Publishing and Subscribing

Publish-Subscribe Model

DolphinDB uses a Publish-Subscribe (Pub-Sub) communication model to facilitate the publishing and subscription of streaming data through message queues. This model enables event producers (publishers) and event consumers (subscribers) to operate independently. By decoupling publishers and subscribers, the Pub-Sub model supports modular development, simplifies system management, enhances scalability, and improves response efficiency for publishers.

Publisher: The publisher, which can be a data node or compute node, maintains a publishing queue. When data streams are injected into a publishing table, they are first pushed to the corresponding message publishing queue. The publishing thread then distributes the data to the subscription queues of all subscribers.
Subscriber: Each subscriber thread corresponds to a specific subscription queue. Upon initiating a subscription request, subscribers are notified of incoming streams. The subscription thread fetches data from its queue for incremental processing.

Data Consumption

This section provides a simple working example of subscribing to and processing streaming data.
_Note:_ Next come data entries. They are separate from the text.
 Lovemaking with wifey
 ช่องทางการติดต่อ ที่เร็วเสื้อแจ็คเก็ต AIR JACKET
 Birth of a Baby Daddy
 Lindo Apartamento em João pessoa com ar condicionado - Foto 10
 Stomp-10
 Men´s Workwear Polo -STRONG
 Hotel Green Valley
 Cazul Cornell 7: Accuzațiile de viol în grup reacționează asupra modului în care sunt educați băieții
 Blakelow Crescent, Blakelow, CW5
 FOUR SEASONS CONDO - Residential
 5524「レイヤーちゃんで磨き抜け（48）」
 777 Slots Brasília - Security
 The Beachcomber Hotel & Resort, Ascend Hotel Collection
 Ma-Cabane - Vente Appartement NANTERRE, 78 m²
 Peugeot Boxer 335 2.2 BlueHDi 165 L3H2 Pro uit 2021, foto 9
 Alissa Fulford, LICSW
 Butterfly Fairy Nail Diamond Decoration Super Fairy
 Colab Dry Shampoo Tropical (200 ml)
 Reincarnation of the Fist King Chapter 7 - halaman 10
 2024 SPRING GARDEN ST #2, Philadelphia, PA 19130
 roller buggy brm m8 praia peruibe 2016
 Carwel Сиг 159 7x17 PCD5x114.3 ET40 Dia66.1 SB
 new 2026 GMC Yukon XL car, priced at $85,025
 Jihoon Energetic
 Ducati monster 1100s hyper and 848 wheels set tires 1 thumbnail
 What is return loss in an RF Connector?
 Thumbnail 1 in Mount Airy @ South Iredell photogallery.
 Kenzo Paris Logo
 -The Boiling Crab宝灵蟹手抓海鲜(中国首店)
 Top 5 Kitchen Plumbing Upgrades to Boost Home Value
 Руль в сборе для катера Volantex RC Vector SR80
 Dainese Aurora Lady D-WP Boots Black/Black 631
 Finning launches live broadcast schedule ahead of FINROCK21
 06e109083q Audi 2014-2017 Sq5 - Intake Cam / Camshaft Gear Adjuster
(1) Create a partitioned DFS table for data storage

drop database if exists "dfs://minuteBar"

create database "dfs://minuteBar"
partitioned by VALUE(2020.01.01..2021.01.01)
engine='OLAP'

create table "dfs://minuteBar"."minuteBar"(
	securityid SYMBOL  
	tradetime TIMESTAMP
	price DOUBLE        
	volume INT
	amount DOUBLE
)
partitioned by tradetime

(2) Create a stream table for publishing data

colNames = ["code", "tradetime", "price", "volume"]
colTypes = [SYMBOL, TIMESTAMP, DOUBLE, INT]
share(table=streamTable(1:0, colNames, colTypes), sharedName="pubTable")

(3) Define function dataETL for subscription callback

def dataETL(msg){
	result = select *, price*volume as amount from msg where price>=10.6
	loadTable("dfs://minuteBar", "minuteBar").append!(result)
}

(4) Submit subscription

subscribeTable(tableName="pubTable", actionName="dataETL", offset=-1, handler=dataETL, msgAsTable=true, batchSize=2000, throttle=0.01)

Where

offset=-1 means subscribing from the most recent record.
handler=dataETL specifies the user-defined callback function dataETL to process the data.
msgAsTable=true indicates that the message object is treated as a table.
batchSize=2000 and throttle=0.01 define the conditions under which the callback will be triggered (either when 2000 records are ready or 0.01 seconds have passed).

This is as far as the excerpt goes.